# WHAT TO PRODUCE
Leaving out every picture, copy the lines of the material below exactly, from the line containing "thumbnail image 1" through the line containing "Set di Mobili".

# WORKING DATA

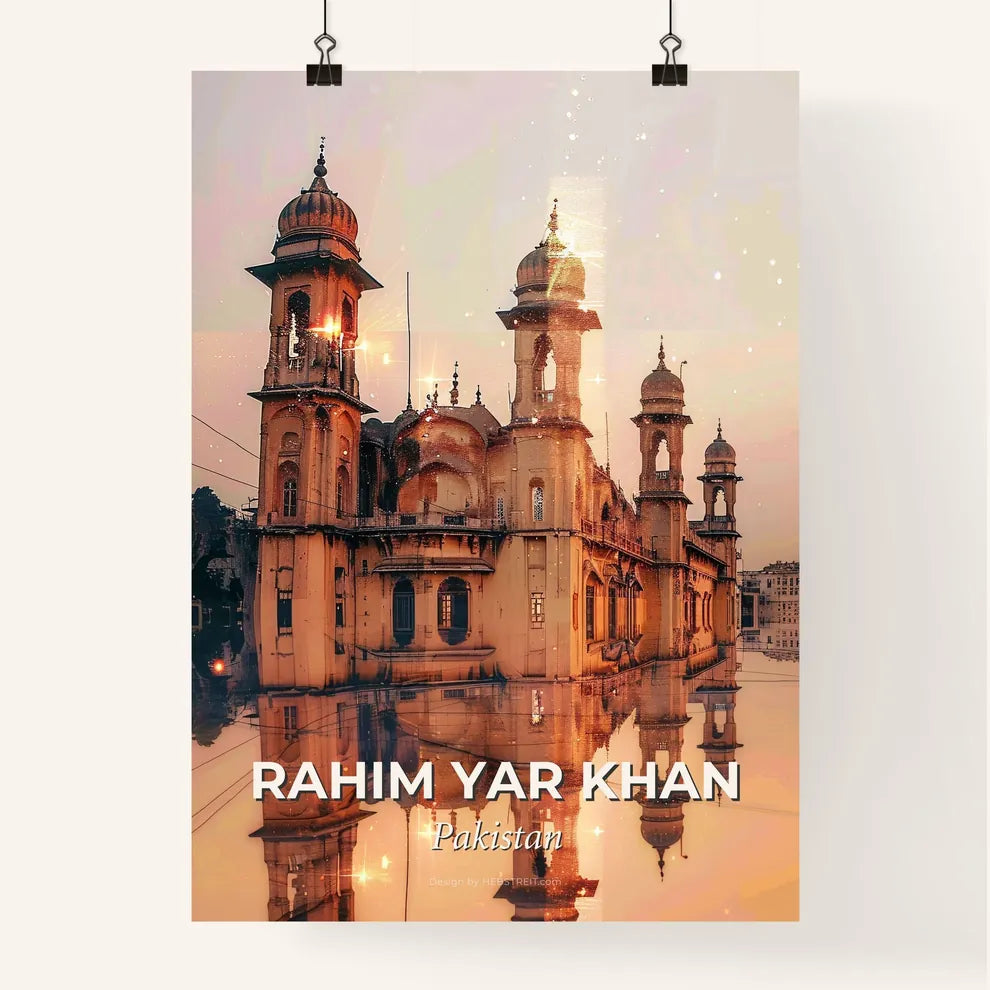 Rahim Yar Khan City Skyline Double Exposure Composite Poster
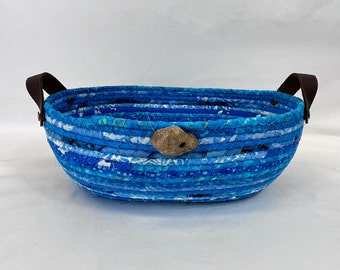 Blue Coiled Rope Basket, Fabric Bowl, Beach Decor, Ocean Vibe, Handcrafted, Housewarming Gift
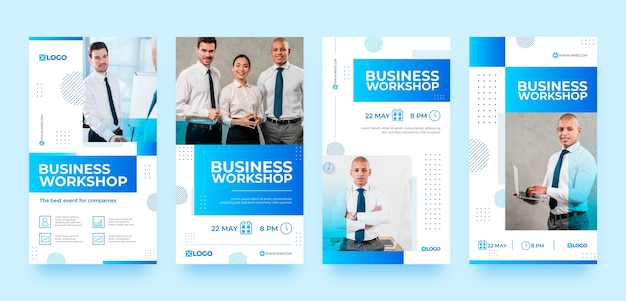 Gradient business workshop instagram stories template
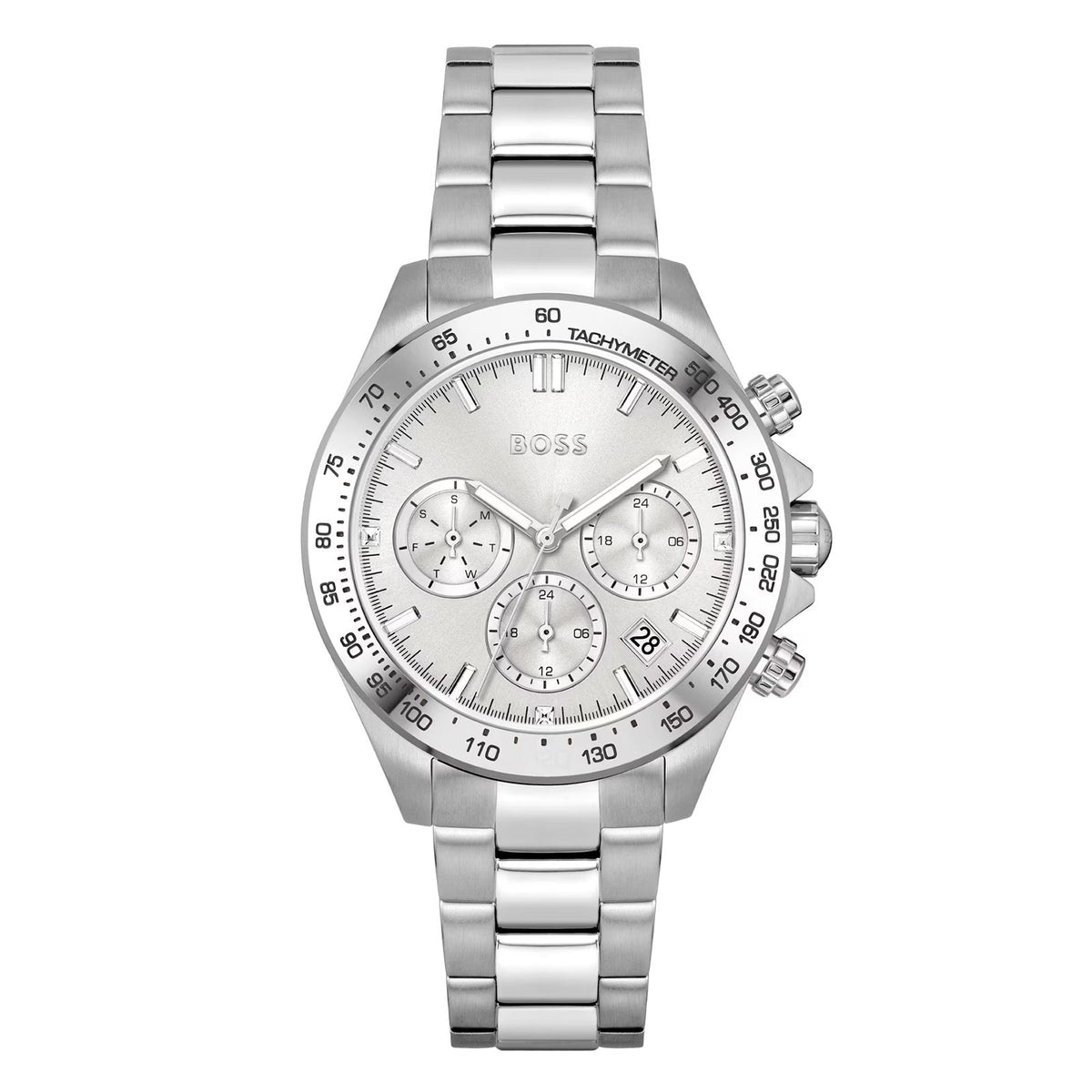 Hugo Boss Mens 1502616 Chronograph Stainless Steel Watch With Silver Dial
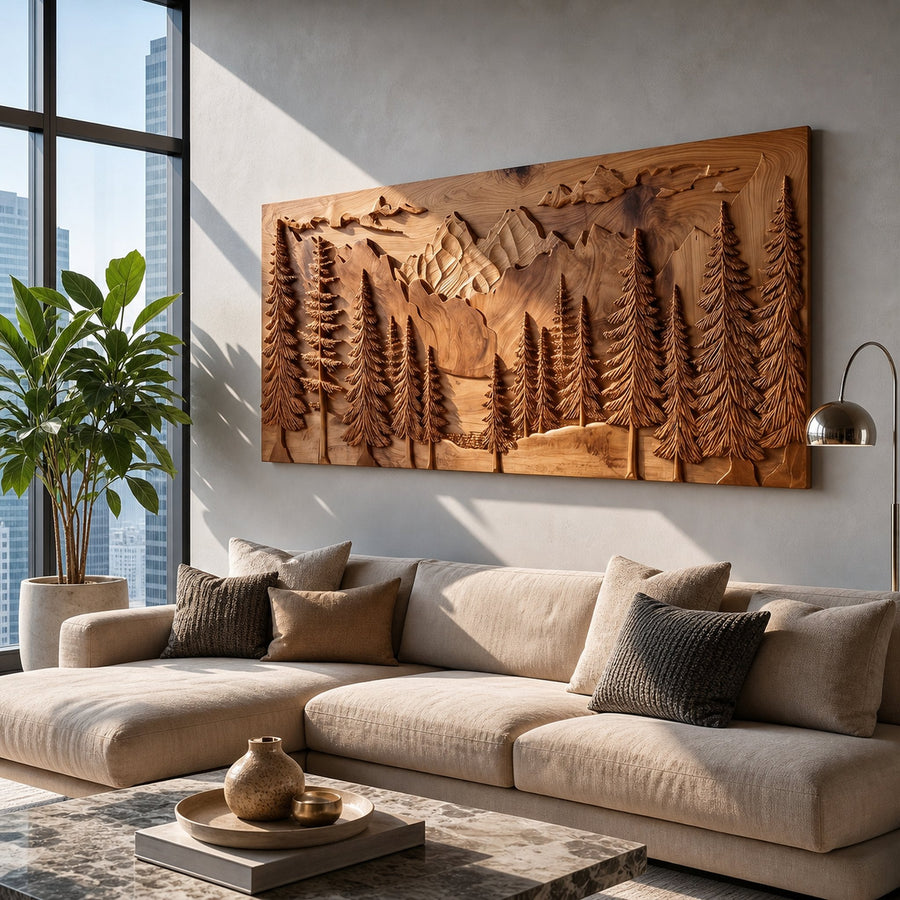 Luxury Carved Pine Forest Wood Wall Art Lodge Interior Decor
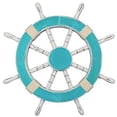 thumbnail image 1 of Wooden Ship Wheel - (Tiffany Blue) - Yellow Rope Motif - (24 Inches), 1 of 1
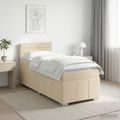 vidaXL Posteľ boxspring s matracom Krémová 80 x 200 cm Látka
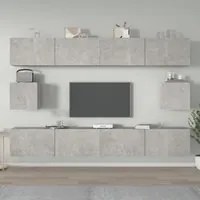 Set di Mobili Porta TV 6 pz Grigio Cemento in Legno Multistrato cod mxl 69335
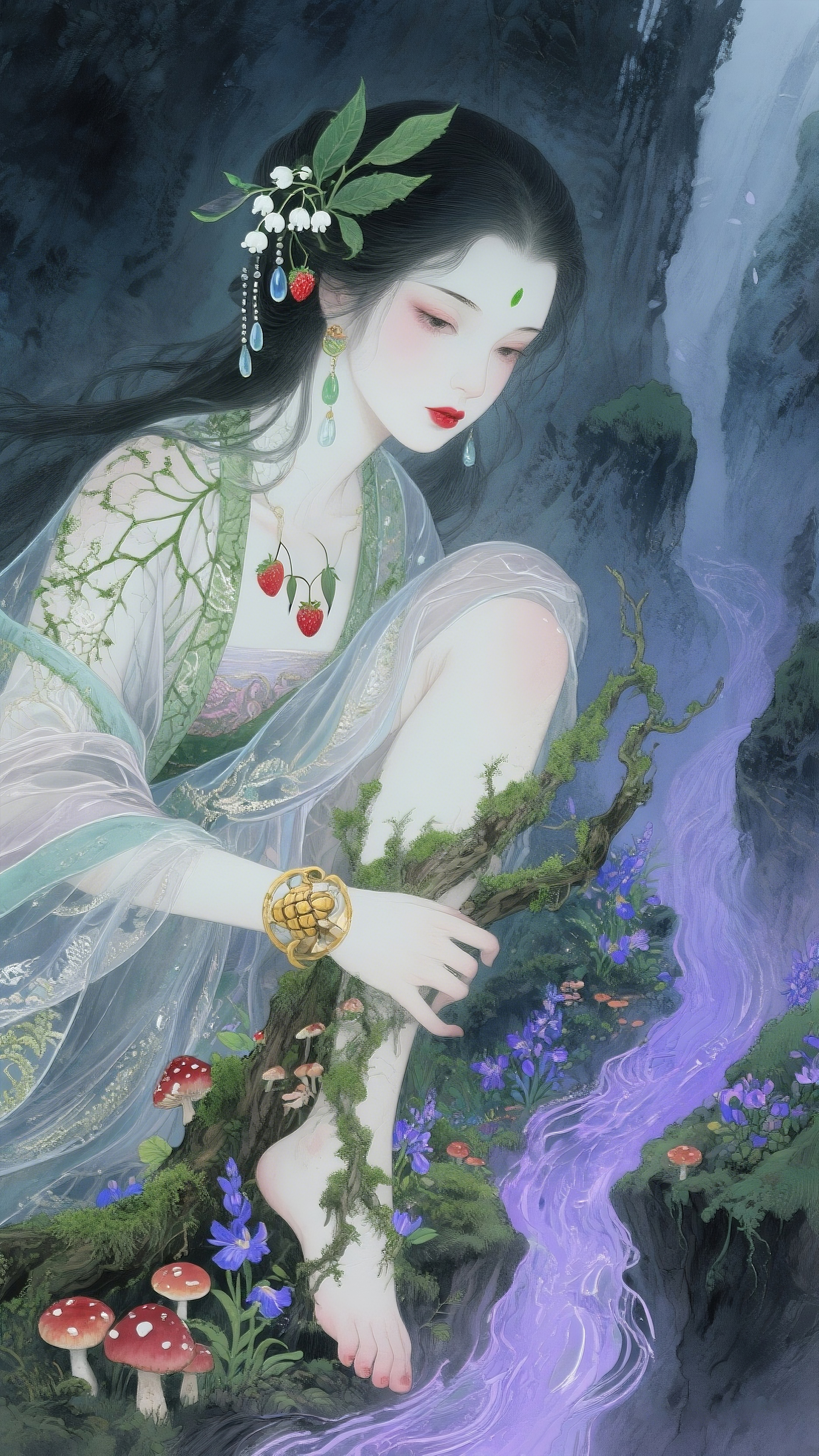 山鬼 山鬼作为山林守护者,承载着楚人对自然力量的敬畏与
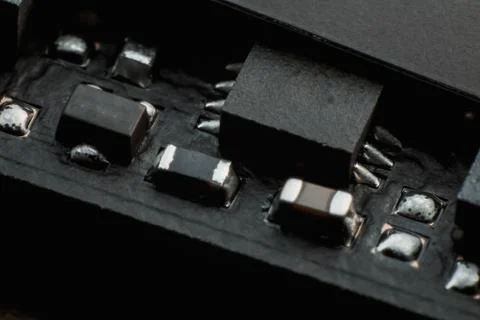 Electronic circuit blur computer board Stock Photos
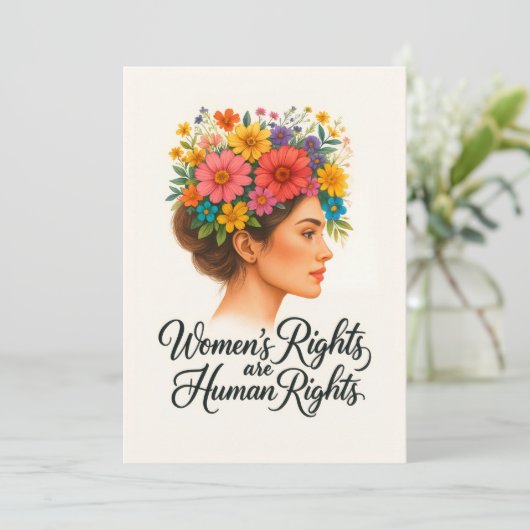 Vrouwenrechten zijn mensenrechten Floral Empowerme Bedankkaart (Staand voorkant)
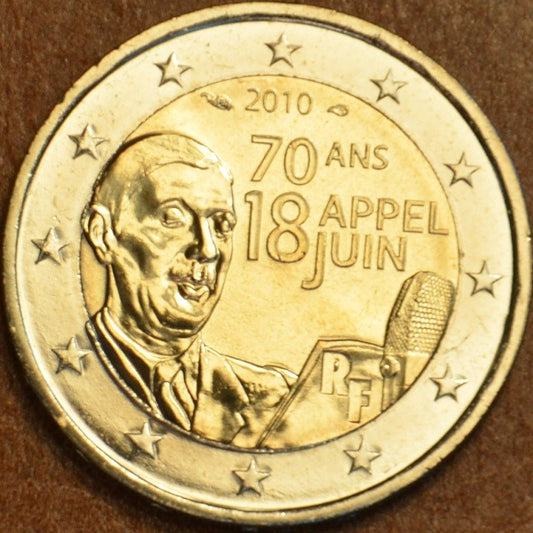 2 Euro Francúzsko 2010 - 70. výročie výzvy generála de Gaulla 18. júna (UNC)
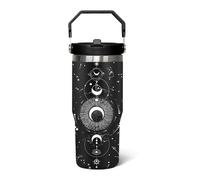 qwpmvhsak 30 oz Goth Tumbler with Handle Lid and Straw,Sun and Moon Cup Gothic Witch Coffee Travel Mug Cup,Astrology Witchy Gifts for Women, Goth Halloween Decor Witch Stuff for Women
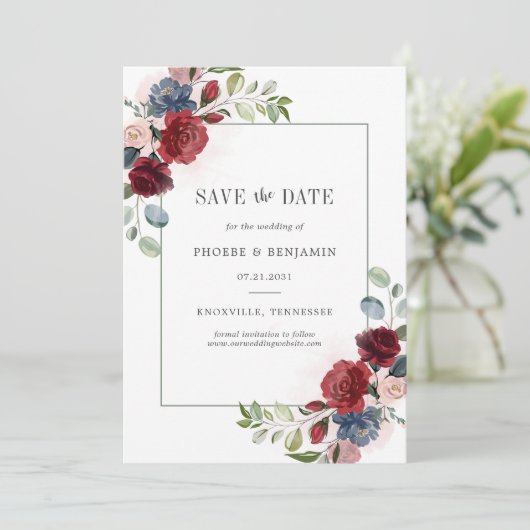 Floral Waterverf minimalistische bruiloft Save The Date (Staand voorkant)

# TASK OUTPUT
 thumbnail image 1 of Wooden Ship Wheel - (Tiffany Blue) - Yellow Rope Motif - (24 Inches), 1 of 1
 vidaXL Posteľ boxspring s matracom Krémová 80 x 200 cm Látka
 Set di Mobili Porta TV 6 pz Grigio Cemento in Legno Multistrato cod mxl 69335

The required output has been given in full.